§ Exercise:
The lines wanted are those in the data below that include "view".
═════ Input ═════
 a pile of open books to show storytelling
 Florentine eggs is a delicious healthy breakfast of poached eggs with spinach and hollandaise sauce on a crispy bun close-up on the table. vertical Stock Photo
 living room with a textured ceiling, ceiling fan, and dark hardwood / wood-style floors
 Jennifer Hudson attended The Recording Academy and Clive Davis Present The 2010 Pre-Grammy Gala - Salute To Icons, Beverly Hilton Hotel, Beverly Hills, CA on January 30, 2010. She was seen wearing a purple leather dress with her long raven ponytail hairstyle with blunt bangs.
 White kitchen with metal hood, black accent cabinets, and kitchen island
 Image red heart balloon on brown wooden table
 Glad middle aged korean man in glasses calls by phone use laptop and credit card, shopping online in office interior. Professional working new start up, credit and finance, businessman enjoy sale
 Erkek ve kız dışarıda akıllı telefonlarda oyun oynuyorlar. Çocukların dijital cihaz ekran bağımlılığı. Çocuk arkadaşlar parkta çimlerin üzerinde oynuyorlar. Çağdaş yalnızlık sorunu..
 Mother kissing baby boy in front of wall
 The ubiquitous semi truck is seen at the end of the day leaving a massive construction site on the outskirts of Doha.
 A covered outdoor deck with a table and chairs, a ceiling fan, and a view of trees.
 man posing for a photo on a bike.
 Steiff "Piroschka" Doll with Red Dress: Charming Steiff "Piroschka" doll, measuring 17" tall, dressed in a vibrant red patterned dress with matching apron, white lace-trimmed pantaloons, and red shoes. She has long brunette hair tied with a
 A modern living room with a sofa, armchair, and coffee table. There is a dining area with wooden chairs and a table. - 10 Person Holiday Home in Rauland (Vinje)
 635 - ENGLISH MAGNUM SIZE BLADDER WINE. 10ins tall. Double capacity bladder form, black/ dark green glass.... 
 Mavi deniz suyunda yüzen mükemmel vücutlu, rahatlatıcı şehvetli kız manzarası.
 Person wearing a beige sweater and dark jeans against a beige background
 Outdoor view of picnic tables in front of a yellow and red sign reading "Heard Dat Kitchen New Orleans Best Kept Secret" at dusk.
═════
§ Task response:
 A covered outdoor deck with a table and chairs, a ceiling fan, and a view of trees.
 Outdoor view of picnic tables in front of a yellow and red sign reading "Heard Dat Kitchen New Orleans Best Kept Secret" at dusk.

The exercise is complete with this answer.